PROBLEM >>
Please give all of the data again, character for character, and drop the pictures.

MATERIAL FOR THE TASK >>
────────

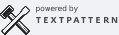 Textpattern
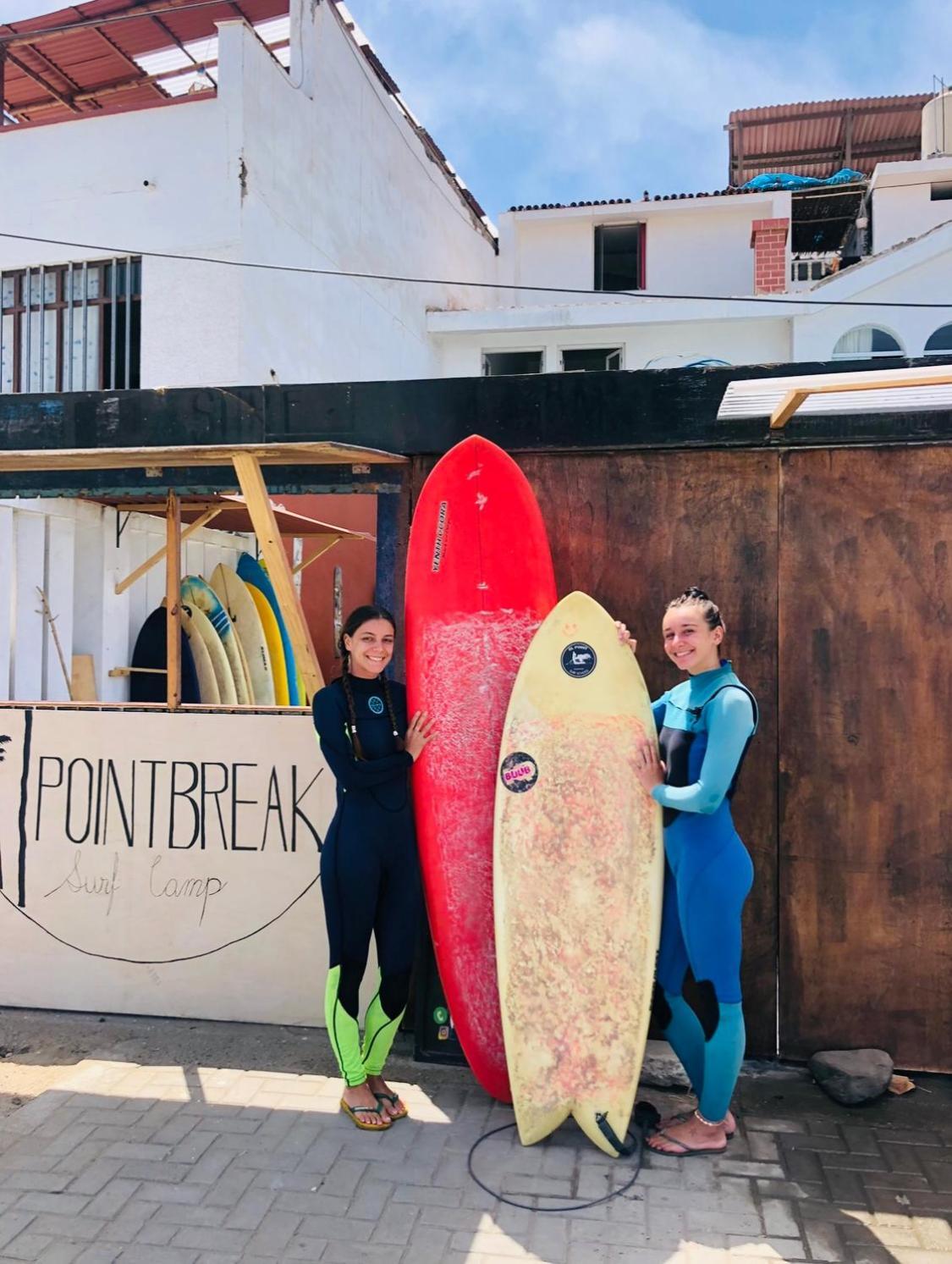 بيت شباب Pointbreak Surf Camp هوانتشاكو المظهر الخارجي الصورة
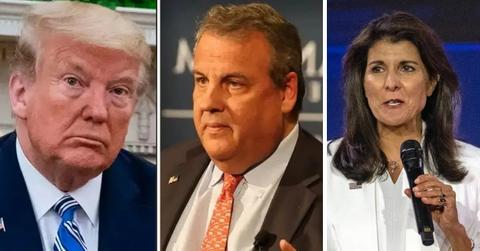 nikki chris trump pp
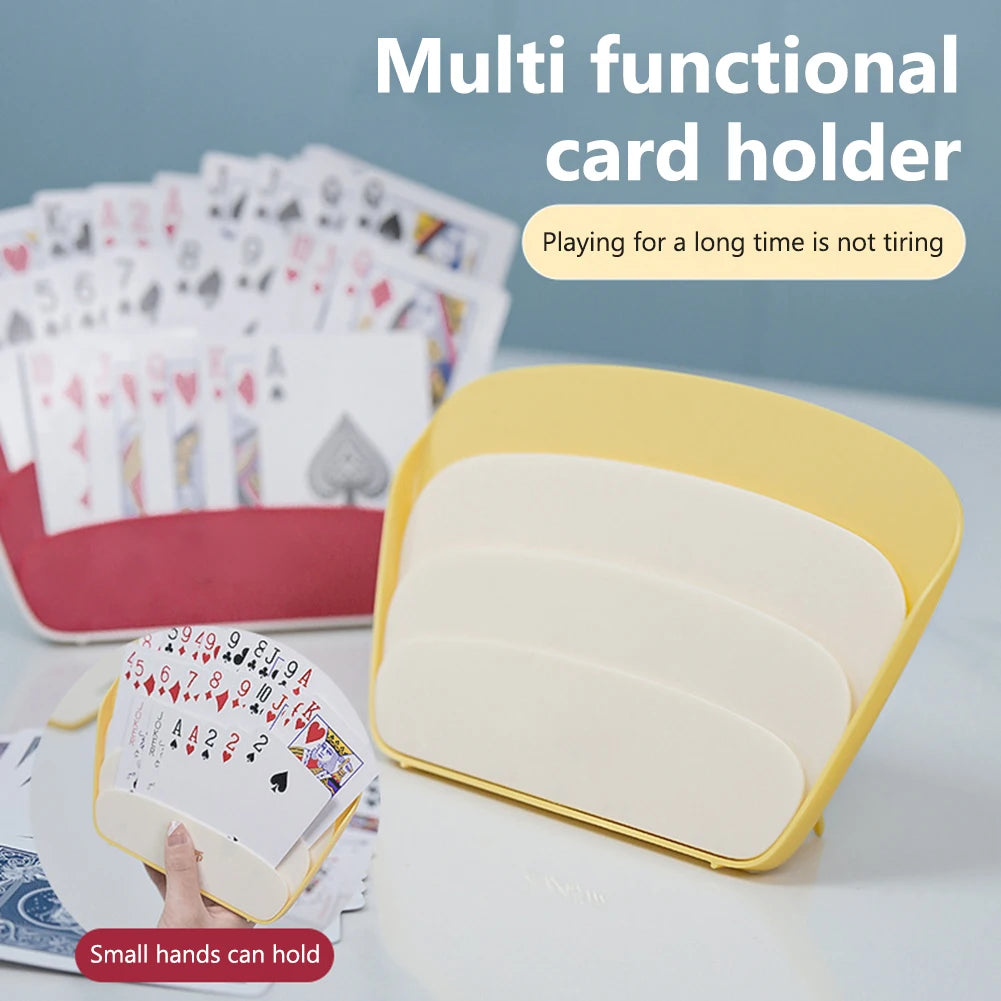 Plastic Hands-Free Card Holders - Design 3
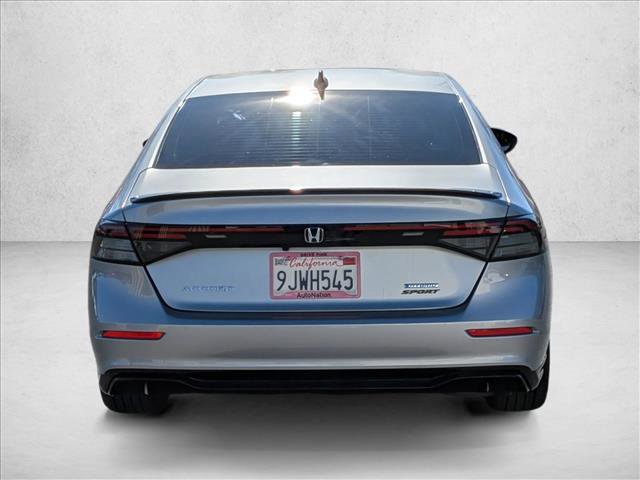 Certified 2024 Honda Accord Sport image 7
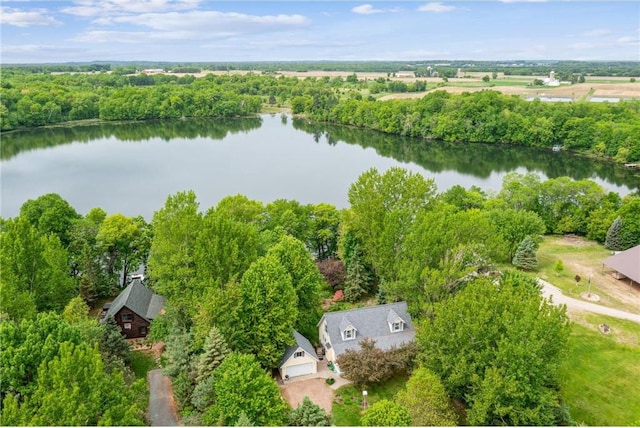 2322 243rd Ave, Cushing, WI 54006 - drone / aerial view of a nearby body of water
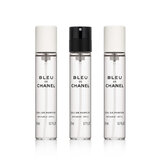 Chanel Bleu de Chanel Parfum Dárková sada Parfémový extrakt 20 ml + Parfémový extrakt Refill 2 x 20 ml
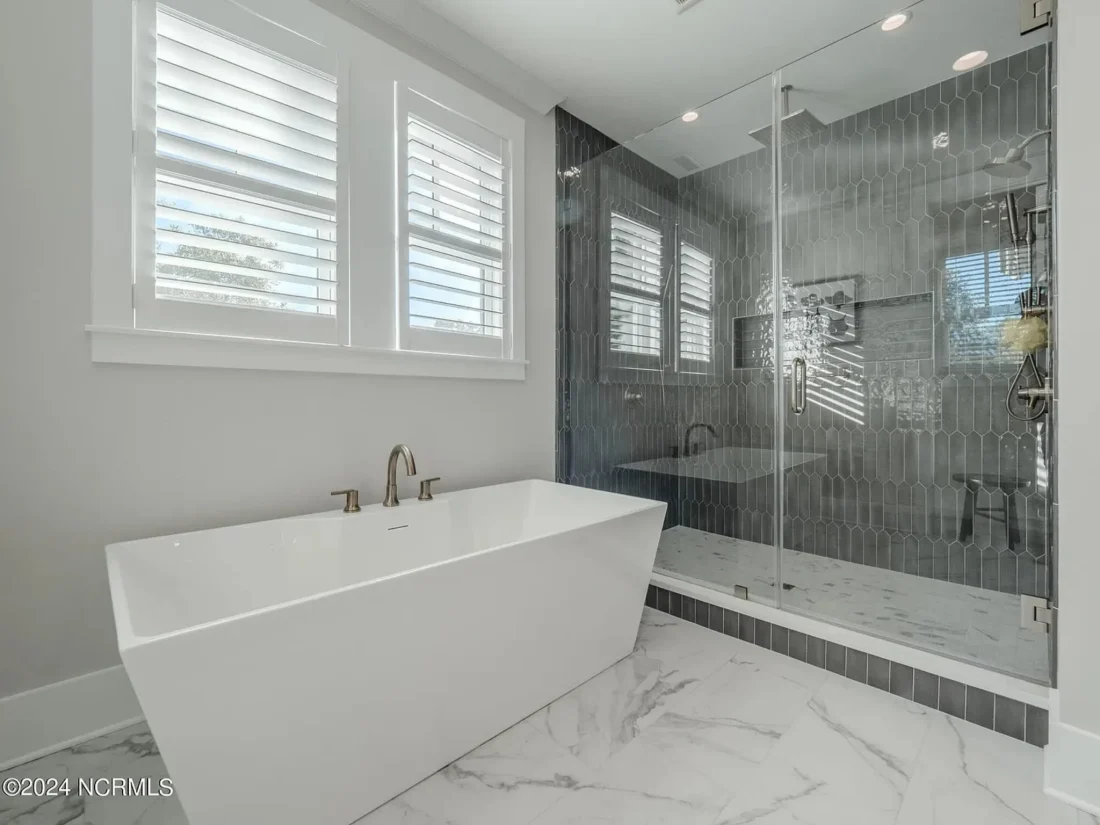 Modern Beach house Plan with CAD and Architectural Blueprints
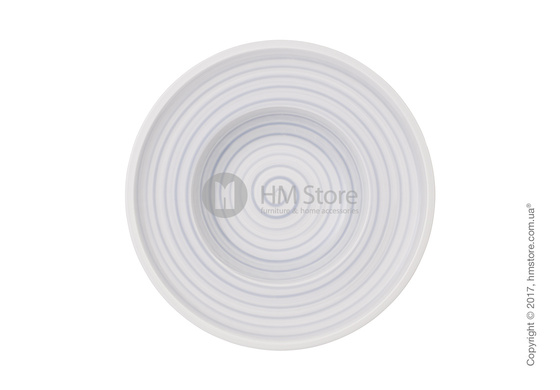 Тарелка столовая глубокая Villeroy & Boch коллекция Artesano Nature, Blue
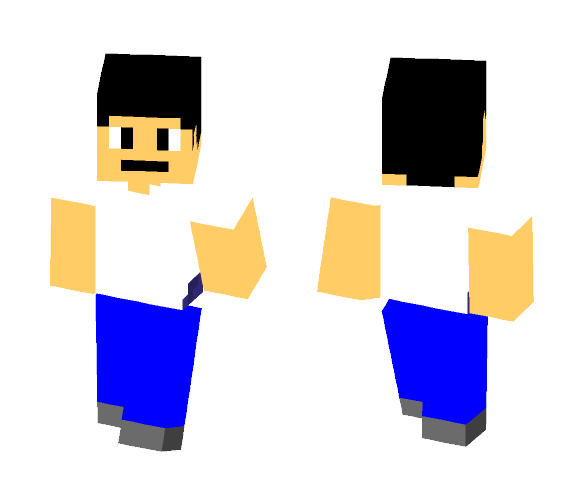 Basic - Male Minecraft Skins - image 1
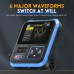 FNIRSI® DSO-TC3 3-IN-1 Handheld 500KHz 10MS/s Digital Oscilloscopes Signal Generator Transistor Tester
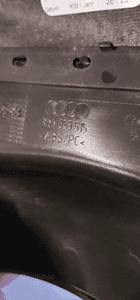 Osłona obudowa kolumny kierowniczej Audi Q5 8R1858345A 8R0953515 4
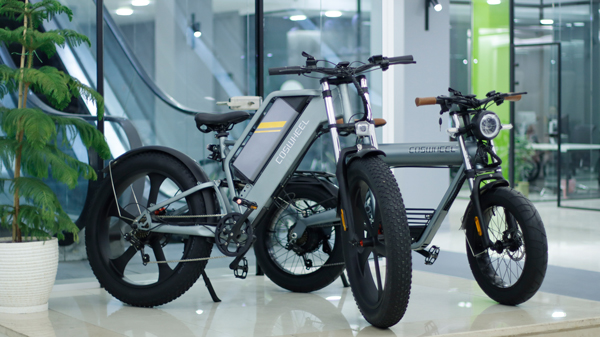 دنرو بزرگترین مرکز دوچرخه برقی در ایران را افتتاح کرد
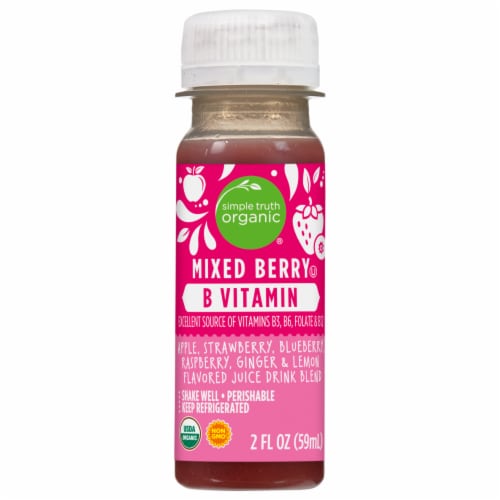 Simple Truth Organic® Vitamin B Energy Shot Perspective: front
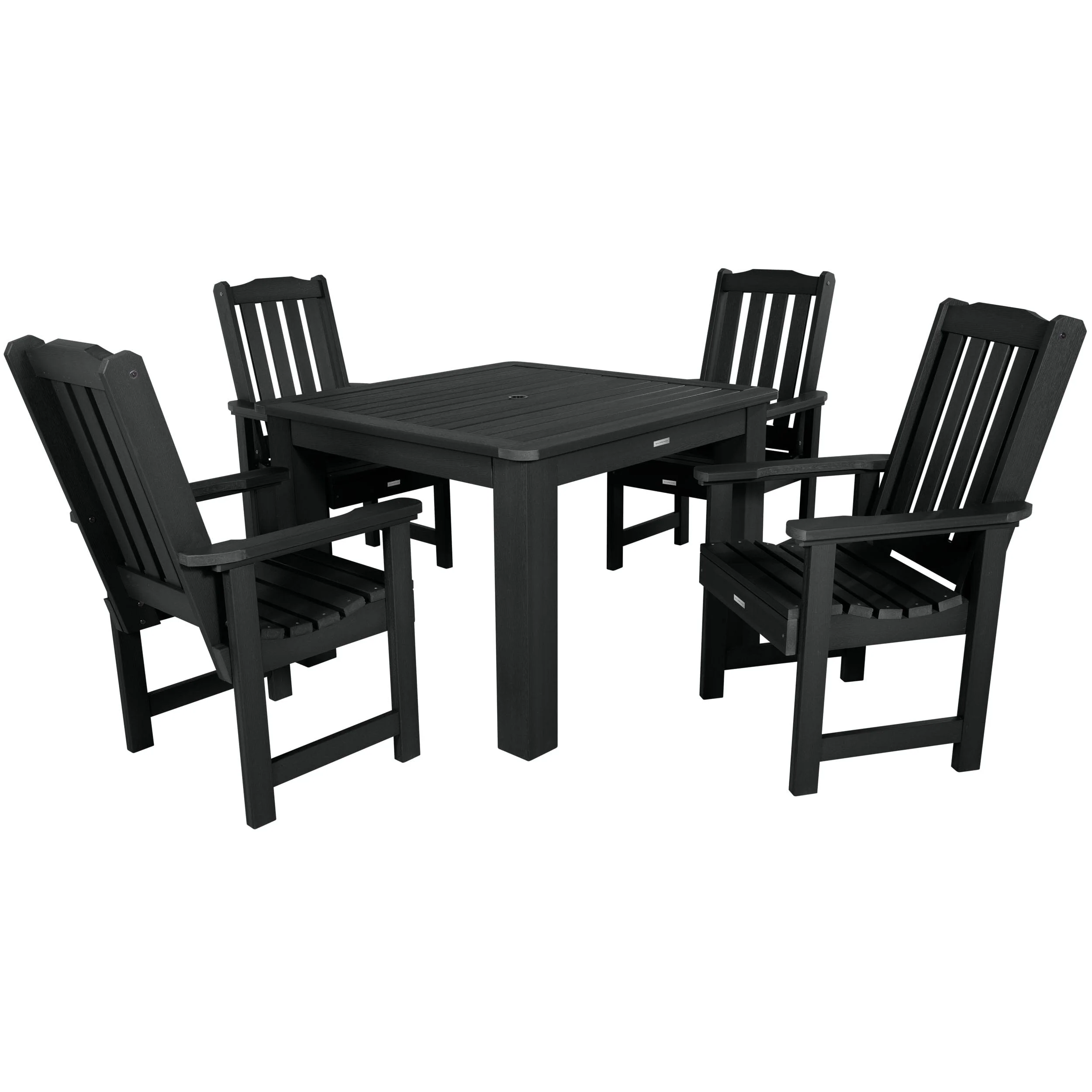 Lehigh 5pc Square Dining Set 42in x 42in - Dining Height - Image 5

────────

YOUR RESPONSE >>
 Textpattern
 بيت شباب Pointbreak Surf Camp هوانتشاكو المظهر الخارجي الصورة
 nikki chris trump pp
 Plastic Hands-Free Card Holders - Design 3
 Certified 2024 Honda Accord Sport image 7
 2322 243rd Ave, Cushing, WI 54006 - drone / aerial view of a nearby body of water
 Chanel Bleu de Chanel Parfum Dárková sada Parfémový extrakt 20 ml + Parfémový extrakt Refill 2 x 20 ml
 Modern Beach house Plan with CAD and Architectural Blueprints
 Тарелка столовая глубокая Villeroy & Boch коллекция Artesano Nature, Blue
 Basic - Male Minecraft Skins - image 1
 FNIRSI® DSO-TC3 3-IN-1 Handheld 500KHz 10MS/s Digital Oscilloscopes Signal Generator Transistor Tester
 Osłona obudowa kolumny kierowniczej Audi Q5 8R1858345A 8R0953515 4
 دنرو بزرگترین مرکز دوچرخه برقی در ایران را افتتاح کرد
 Simple Truth Organic® Vitamin B Energy Shot Perspective: front
 Lehigh 5pc Square Dining Set 42in x 42in - Dining Height - Image 5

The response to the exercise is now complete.